The Hanging Garden series also makes a concerted effort to link human time and activity to the cyclical activity of natural actors. Vacationing and spending time with one’s family, seasonal change, bird migration, and the weathering of man-made trellis work —alluded to in both titles and images in the paintings themselves—all point to how these elements large and small play off one another. A greater emphasis on this concept of shared time marks a period of transition in Riccadonna’s life from artist/teacher to mother/artist/ teacher.

In 2014 Riccadonna began work on her Puzzle series, taking inspiration from both the eponymous pastime and a particular kind of European still life known as the vanitas image. The vanitas provided an excellent link between the spiritual, natural, and human worlds in that a painting classified as such attempted to moralize through virtuoso paint handling of natural objects and phenomena. While some artists presented a realistic tableau of blatantly symbolic objects like hourglasses, snuffed candles, and human skulls to remind the pious Christian viewer of their fleeting physical existence, others chose to populate their canvases exclusively with plants, flowers, and fruit. Two of the most well known Baroque flower painters, Clara Peeters and Rachel Ruysch, gave you the bitter pill with a touch of sugar. Naturally these were cut and arranged flowers—not wild in a garden. Youthful buds and mature, bursting blooms commingled with ones beginning to wither. Sure, you had to be on the lookout for the dying stuff, but it was there. A plump, freshly cut pear might share counter space with a peach that had succumbed to rot or a hungry worm. There is no youth without age, no beauty without ugliness. First and foremost, however, came that unbelievable vibrancy and detail. The sermonizing was kept at a whisper.
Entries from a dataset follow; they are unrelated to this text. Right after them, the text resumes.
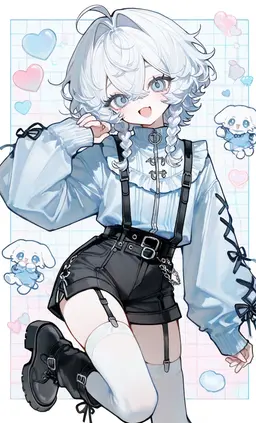 Profile image of Aika
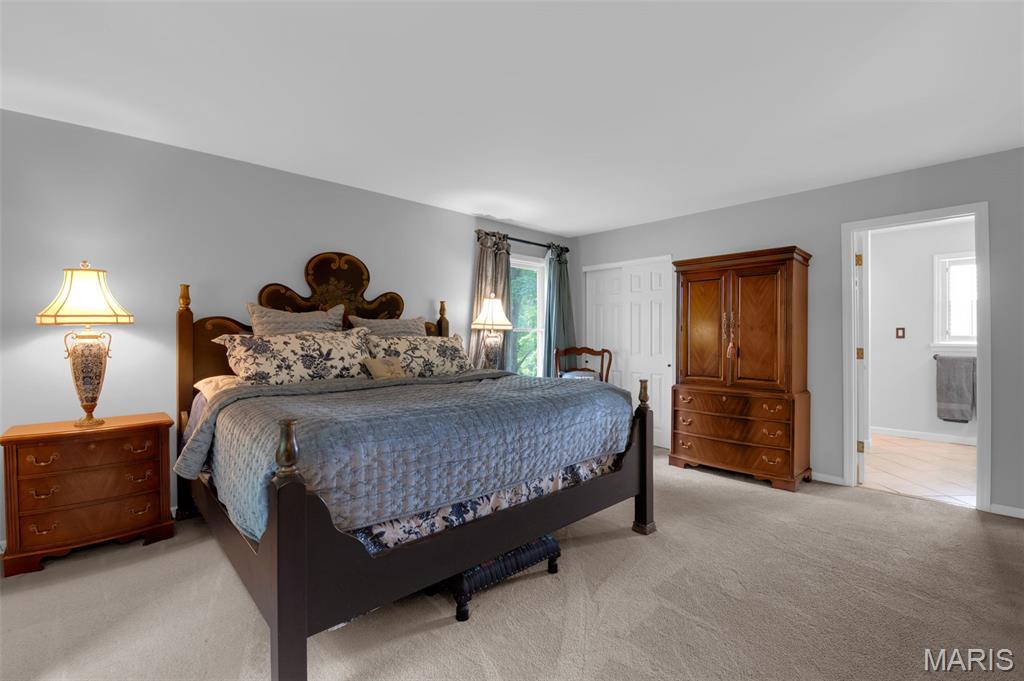 Allenton Trails 1 - Residential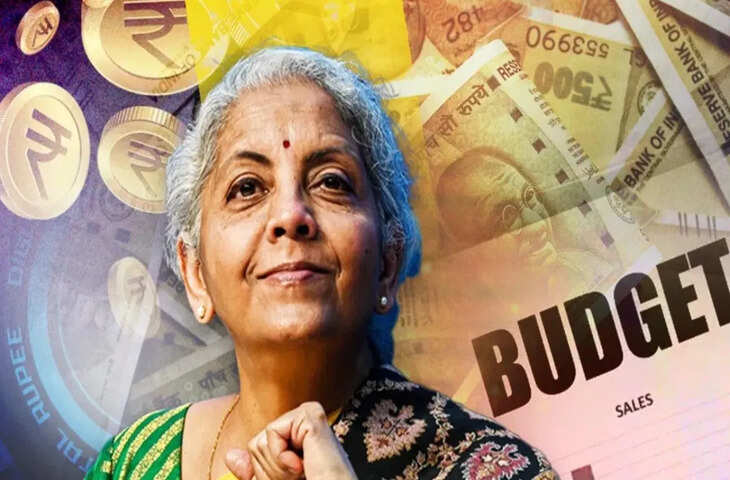 Budget 2026 Explained: आखिर बजट कैसे बनता है, कौन करता है तैयारी और किन-किन चरणों से गुजरती है प्रक्रिया? जाने सबकुछ ​​​​​​​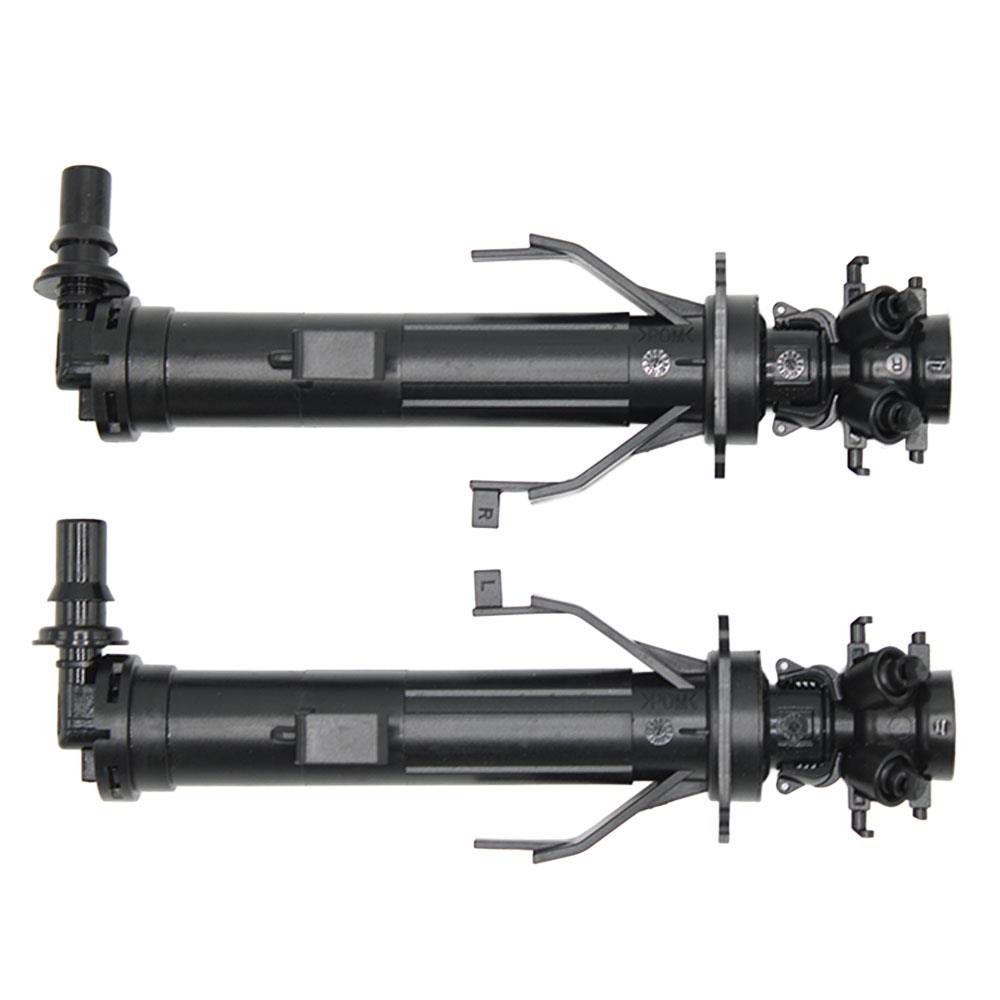 LSC 5G0955965 5G0955966 : Pair of LHS and RHS Headlight Cleaning Fluid Washer Nozzles - NEW - Image 2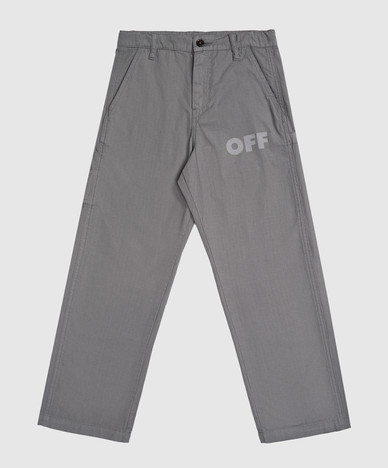 Off-White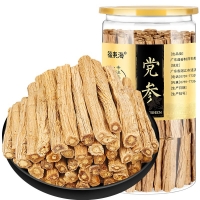 党参(福东海)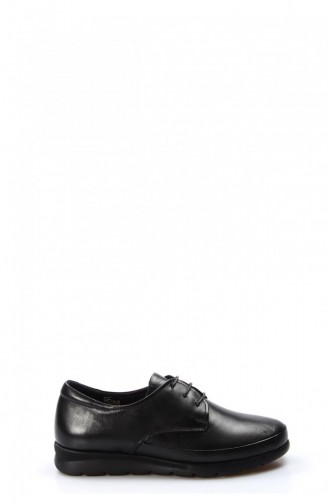 Chaussures de jour Noir 863ZA2055-16782021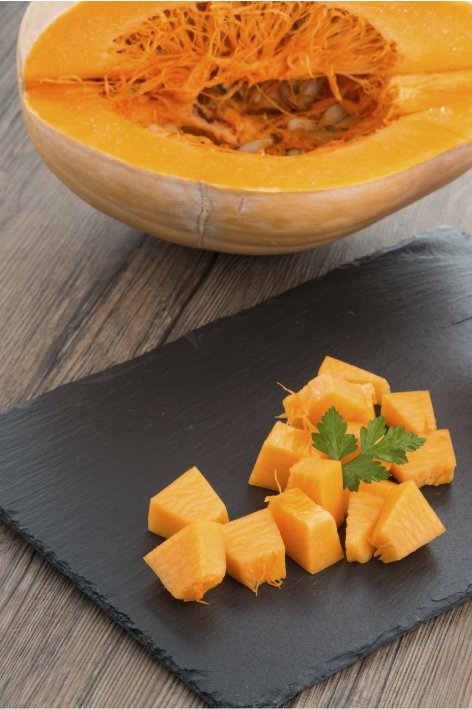 Pumpkin Puree & Best Pumpkins for Cooking inset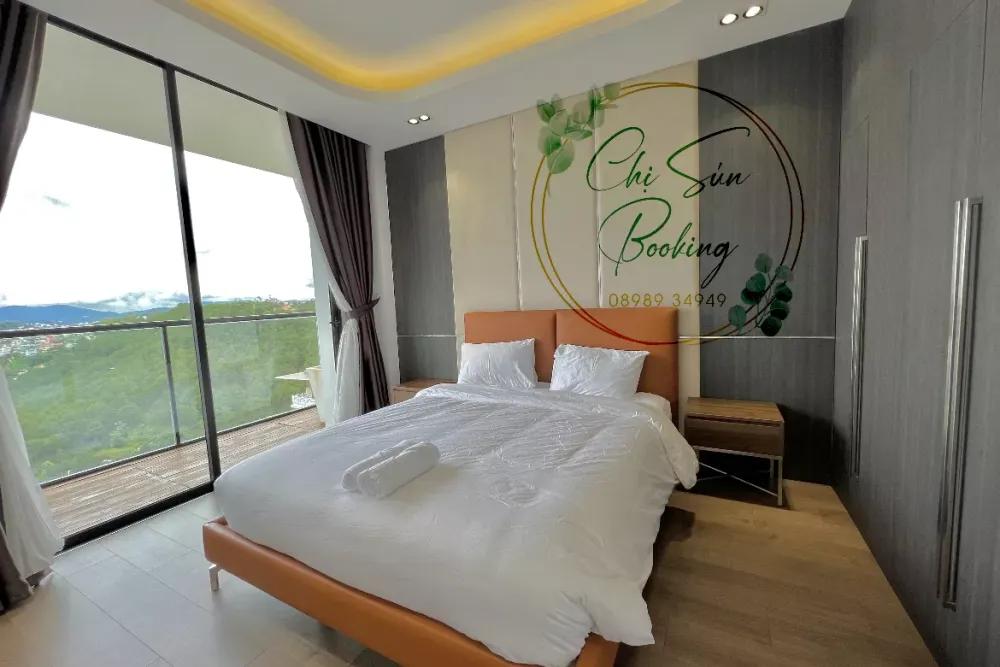 Villa B12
Bouquet with Iris, Oil on Canvas, 11.5 x 16.5 in.As she has done before with the Garden and Hanging Garden series, Riccadonna overwhelms with information in her Puzzle paintings, depicting not just representations of the Old Masters’ works but their works as store-bought puzzles. The casual, seemingly random compositions of puzzles in mid-completion conceal a serious intention. One needn’t look long to see the density of color and line come from an enormous amount of time-consuming labor. Unlike some of her earlier works these images are a single layer with none of the overlapping of forms, yet they appear in some ways more complex due to the pronounced jigsaw lines and blank spaces that prevent the gestalt a viewer craves, as in Bouquet with Iris (see image 6). Those familiar with the vanitas source material may come to the conclusion that Riccadonna’s images are another kind of symbol: the act of contemplation itself. She has said that the works are “impossible puzzles; the endeavor of bringing order to chaos is never fully realized.”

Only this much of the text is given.